◆ Supplied data
+-------+
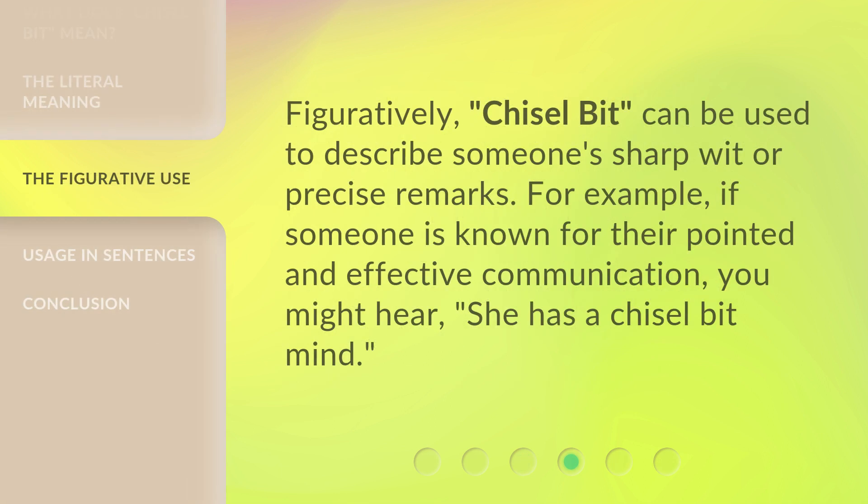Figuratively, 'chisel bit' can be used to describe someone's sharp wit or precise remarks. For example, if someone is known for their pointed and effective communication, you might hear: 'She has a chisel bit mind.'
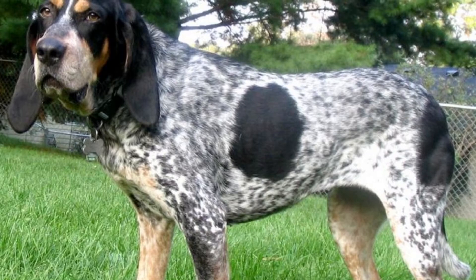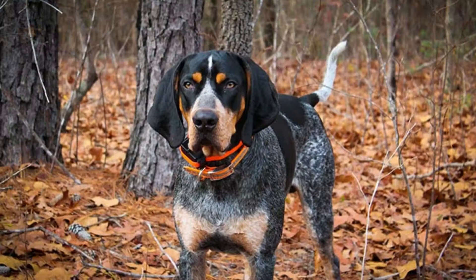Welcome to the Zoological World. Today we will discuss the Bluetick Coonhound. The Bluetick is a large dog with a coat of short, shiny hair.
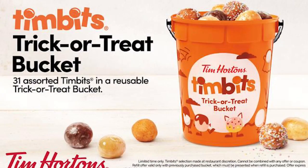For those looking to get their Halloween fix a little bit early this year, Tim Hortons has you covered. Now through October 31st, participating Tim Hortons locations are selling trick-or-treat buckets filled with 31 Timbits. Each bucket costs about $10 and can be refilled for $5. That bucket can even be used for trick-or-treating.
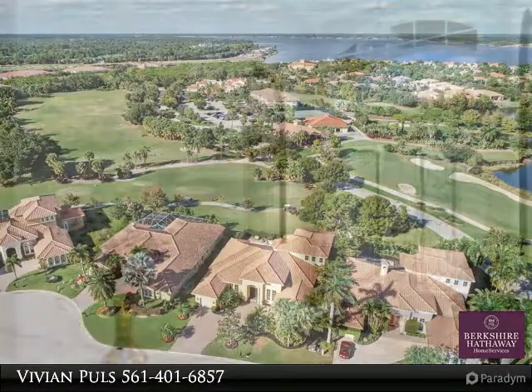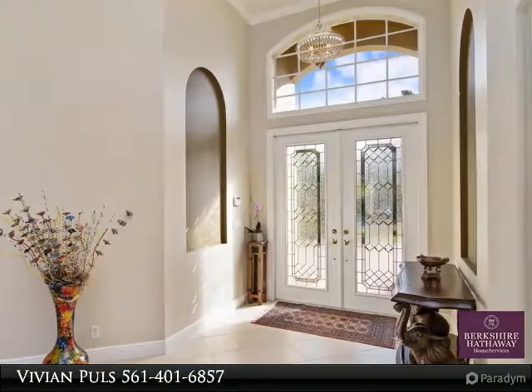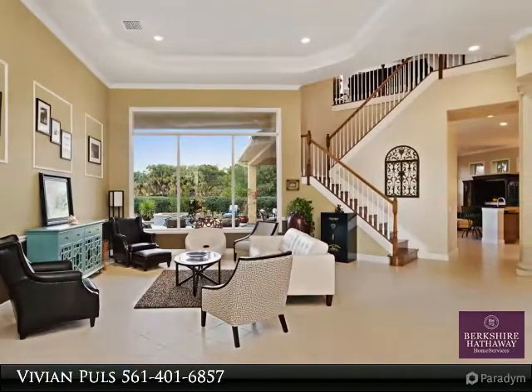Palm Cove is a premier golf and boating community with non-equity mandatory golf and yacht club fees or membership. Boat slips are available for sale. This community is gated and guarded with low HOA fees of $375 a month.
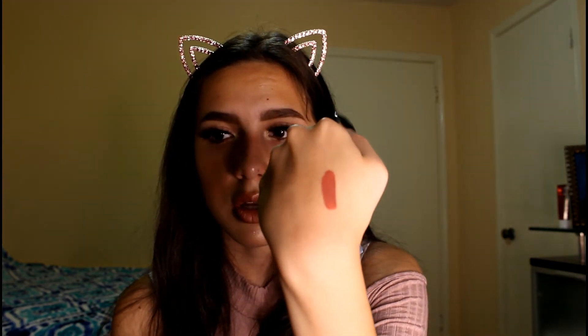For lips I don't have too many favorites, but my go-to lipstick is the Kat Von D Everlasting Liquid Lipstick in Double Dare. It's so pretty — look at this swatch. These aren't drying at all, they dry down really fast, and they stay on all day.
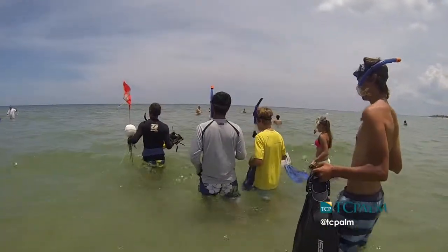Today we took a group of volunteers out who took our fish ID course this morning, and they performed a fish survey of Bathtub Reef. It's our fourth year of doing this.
+-------+
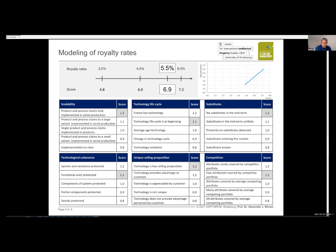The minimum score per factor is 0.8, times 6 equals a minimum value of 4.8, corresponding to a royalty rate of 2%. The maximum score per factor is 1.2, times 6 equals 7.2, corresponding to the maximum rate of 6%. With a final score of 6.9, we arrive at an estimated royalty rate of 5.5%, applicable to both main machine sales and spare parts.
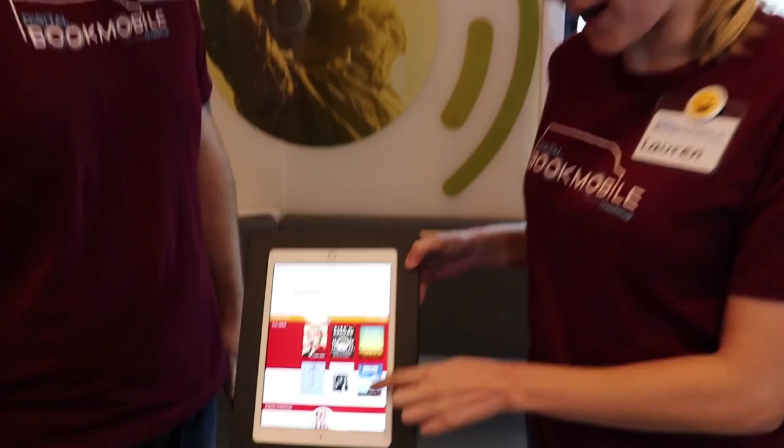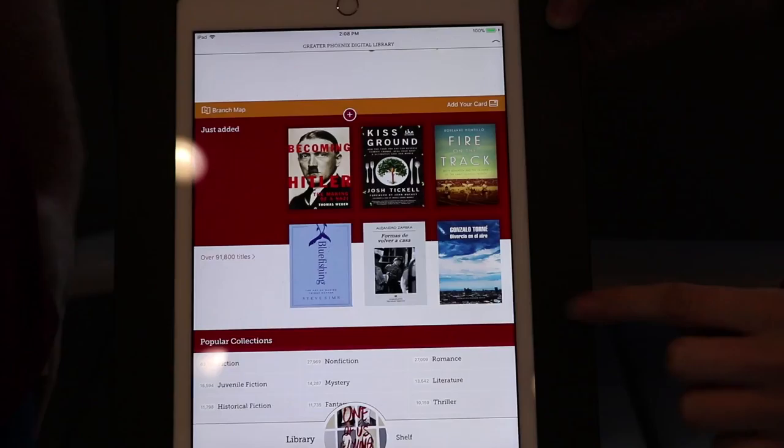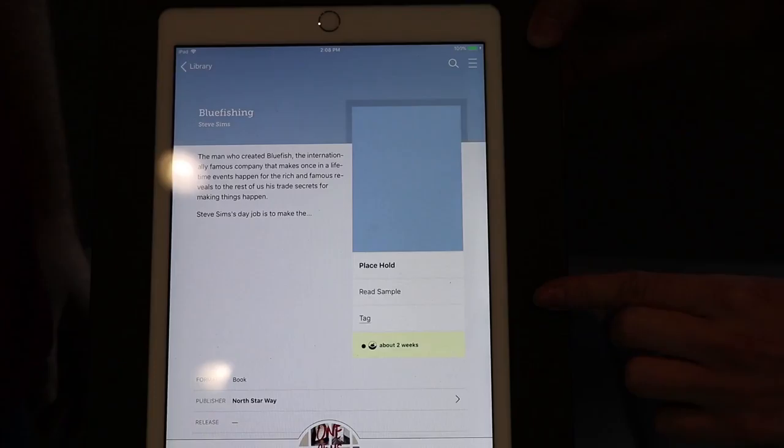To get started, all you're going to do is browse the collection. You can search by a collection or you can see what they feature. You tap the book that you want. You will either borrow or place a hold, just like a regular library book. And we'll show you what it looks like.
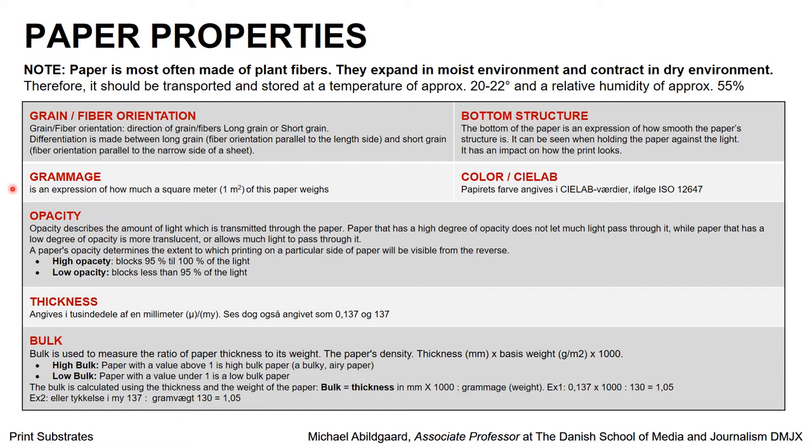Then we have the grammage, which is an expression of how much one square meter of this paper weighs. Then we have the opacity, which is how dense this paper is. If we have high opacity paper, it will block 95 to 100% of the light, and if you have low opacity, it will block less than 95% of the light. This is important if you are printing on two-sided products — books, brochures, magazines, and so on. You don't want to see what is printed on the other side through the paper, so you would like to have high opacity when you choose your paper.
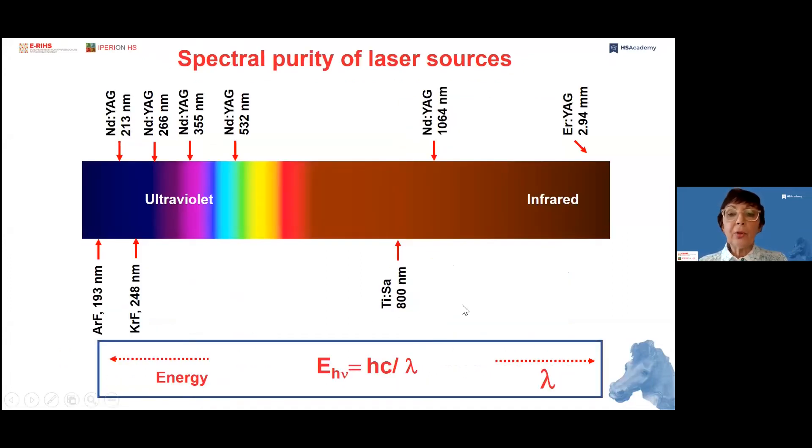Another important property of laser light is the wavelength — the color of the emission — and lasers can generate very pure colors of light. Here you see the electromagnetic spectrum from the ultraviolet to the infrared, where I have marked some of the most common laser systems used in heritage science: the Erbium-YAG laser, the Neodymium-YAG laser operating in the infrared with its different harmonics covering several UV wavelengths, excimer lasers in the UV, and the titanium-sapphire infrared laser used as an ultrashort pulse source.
+-------+
◆ What you should do
In the listing above, the required lines run from the line with "For those looking" through the line with "Today we took". Output exactly those lines, omitting pictures.

◆ Exercise output
For those looking to get their Halloween fix a little bit early this year, Tim Hortons has you covered. Now through October 31st, participating Tim Hortons locations are selling trick-or-treat buckets filled with 31 Timbits. Each bucket costs about $10 and can be refilled for $5. That bucket can even be used for trick-or-treating.
Palm Cove is a premier golf and boating community with non-equity mandatory golf and yacht club fees or membership. Boat slips are available for sale. This community is gated and guarded with low HOA fees of $375 a month.
For lips I don't have too many favorites, but my go-to lipstick is the Kat Von D Everlasting Liquid Lipstick in Double Dare. It's so pretty — look at this swatch. These aren't drying at all, they dry down really fast, and they stay on all day.
Today we took a group of volunteers out who took our fish ID course this morning, and they performed a fish survey of Bathtub Reef. It's our fourth year of doing this.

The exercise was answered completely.